While PCR testing is currently considered the gold standard of accuracy for virology testing, these tests are highly complex and require chemical reactions that must be performed by skilled operators, typically at a central laboratory. These complex reactions are needed for the amplification of viral DNA or RNA, a process of making multiple copies of the genetic material that can introduce and amplify errors. Ultimately, it may take days for results to be returned.
Also, PCR tests can only detect nucleic acids, the material that makes up DNA and RNA. But in the case of some diseases, it can be incredibly useful to detect other biomarkers such as proteins.
The UCSC/BYU diagnostic tool requires little sample preparation and is completely amplification-free. It is also label-free, dramatically cutting the time and complexity of the diagnosis process.
For this study, the researchers used biofluids including saliva and blood from baboons and marmosets at Texas Biomedical Research Institute. To run the test, a sample of biofluid is mixed in a container with magnetic microbeads. The microbeads are designed with a matching RNA sequence to the disease for which the test is designed to detect. If a virus is present in the sample, the virus's RNA will bind to the beads.

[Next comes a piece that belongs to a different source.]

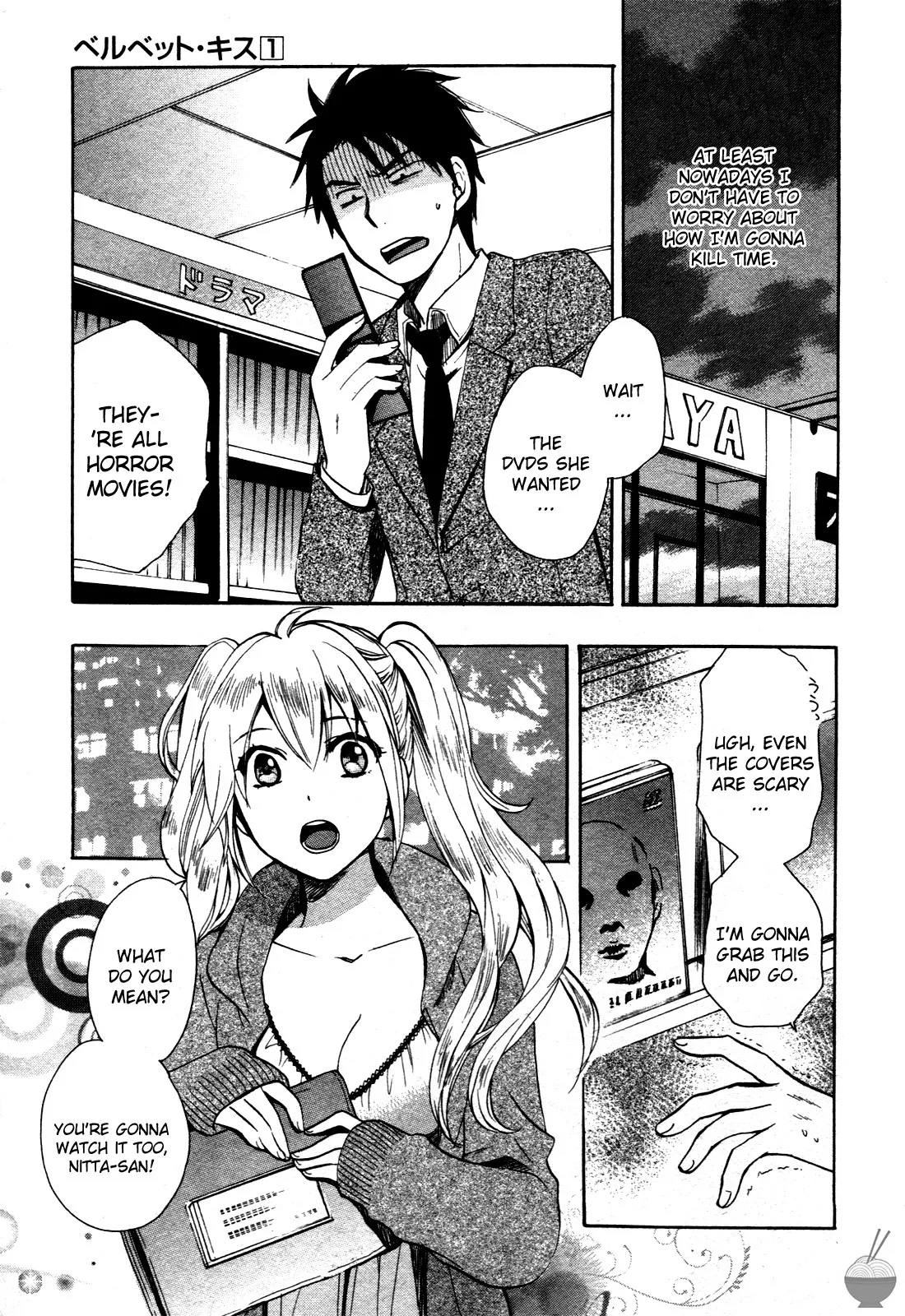 [Harumi Chihiro]Velvet Kiss Vol. 1[English] Page 150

After a brief waiting period, the testers pulls the magnetic beads down to the bottom of the container and washes everything else out. The beads are put into a silicon microfluidics chip, designed and fabricated by the BYU researchers, where they flow through a channel covered by an ultra-thin membrane. The beads get caught in a light beam that pushes them against a wall in the channel, which contains a nanopore, an opening just 20 nm across. For comparison, a human hair is about 80,000 - 100,000 nm wide.
The testers then apply heat to the chip, which makes the RNA particles come off the beads and get sucked into the nanopore, which detects that the virus RNA is present.
The microfluidics chip in the BYU cleanroom. Biofluid is mixed with magnetic microbeads with the RNA sequence of the virus to-be detected and placed onto the chip in the operation of the UCSC/BYU platform. Courtesy of BYU/Mark Philbrick.
According to the researchers, an approach that combines the low-complexity of label- and amplification-free sensing with such a low limit of detection and wide dynamic range in a portable lab-on-chip format has not previously been demonstrated in clinical samples. "Direct single-molecule detection with integrated electrical nanopore sensors can meet this need," the researchers said, in the research paper.
If their concept is brought to market as a product, the researchers believe its compact size could easily fit in a researcher’s lab, enabling much faster results for virology testing, increasing testing accessibility, and speeding up the time to results from days to hours. In addition, the researchers believe that they could adjust their platform to find any virus for which they have a genetic sample. They plan to further simplify and miniaturize the system, and aim to enable it to test for multiple types of disease at once, a feature called disease multiplexing.
The research was published in Proceedings of the National Academy of Sciences (www.doi.org/10.1073/pnas.2400203121).